§ **Entries shown**
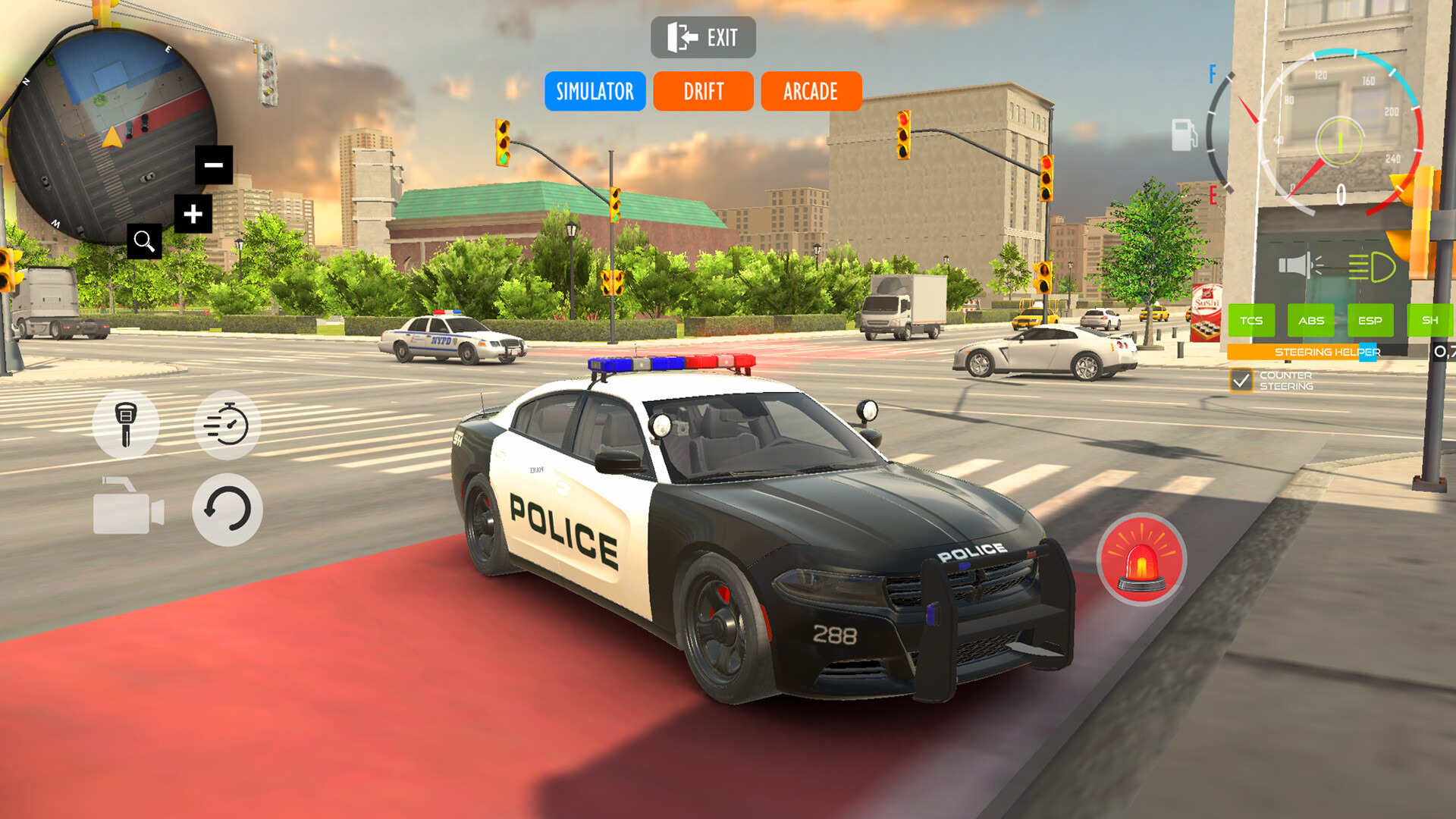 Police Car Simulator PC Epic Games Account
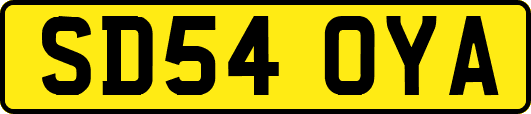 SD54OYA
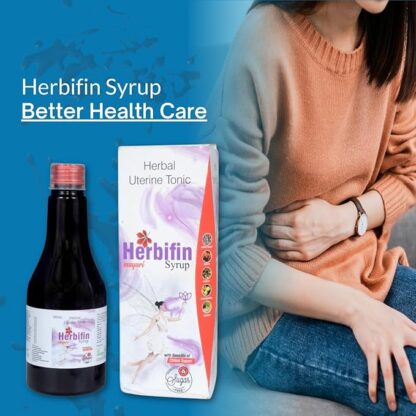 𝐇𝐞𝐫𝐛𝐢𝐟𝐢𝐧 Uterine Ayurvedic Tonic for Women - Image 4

--

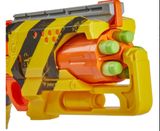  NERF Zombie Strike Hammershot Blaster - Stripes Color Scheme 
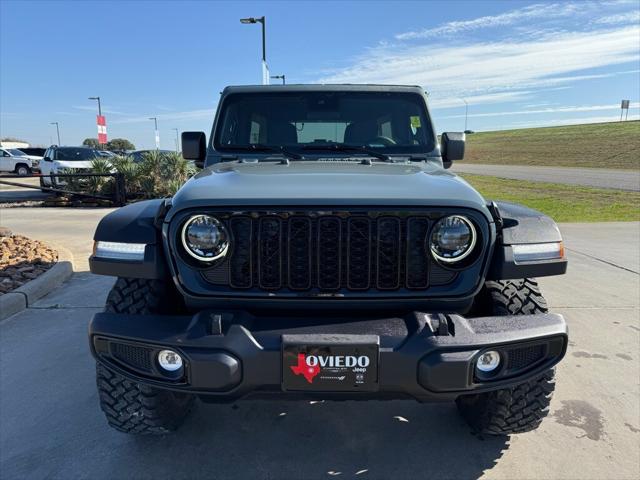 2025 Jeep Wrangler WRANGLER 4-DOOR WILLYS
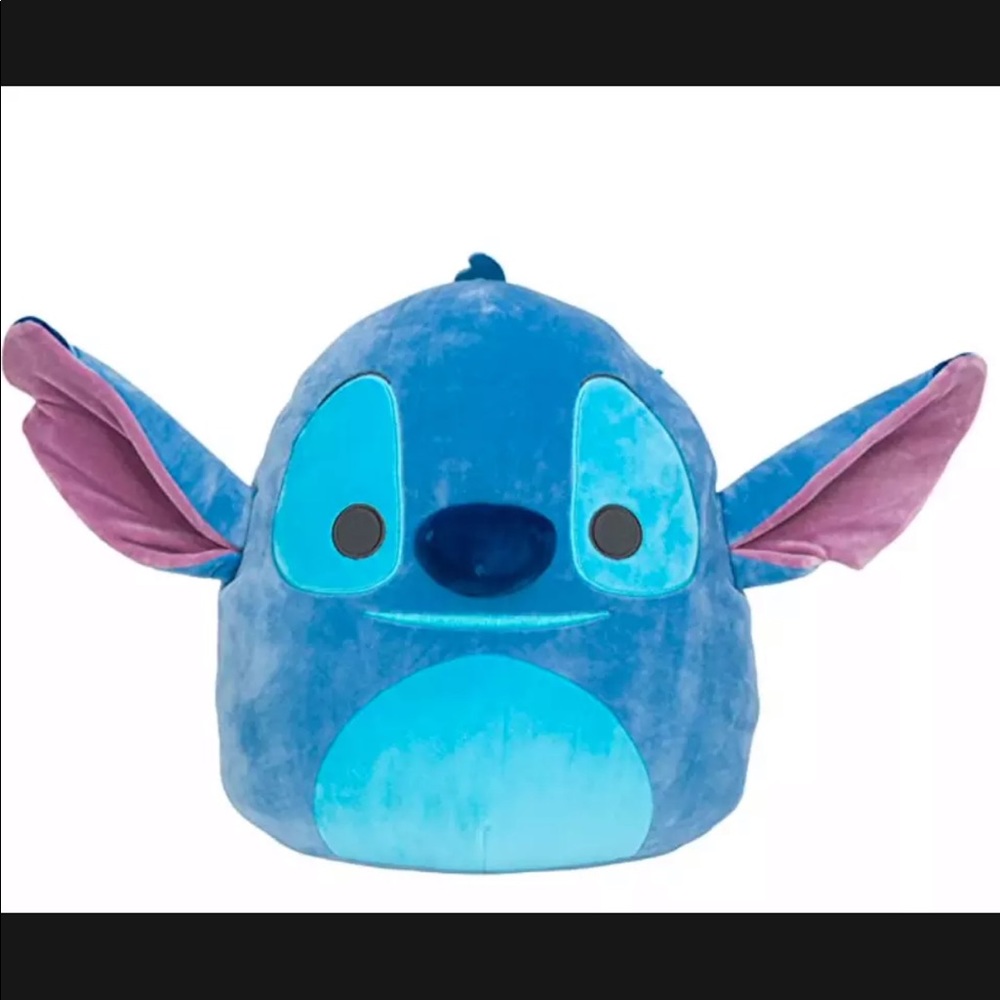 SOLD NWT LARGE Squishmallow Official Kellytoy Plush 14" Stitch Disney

§ **Task item**
Exactly the lines starting at the one above with "2025 Jeep Wrangler WRANGLER 4-DOOR WILLYS" and ending at the one with "SOLD NWT LARGE" should be printed, and nothing else. Omit the pictures.

§ **Solution to this problem**
 2025 Jeep Wrangler WRANGLER 4-DOOR WILLYS
 SOLD NWT LARGE Squishmallow Official Kellytoy Plush 14" Stitch Disney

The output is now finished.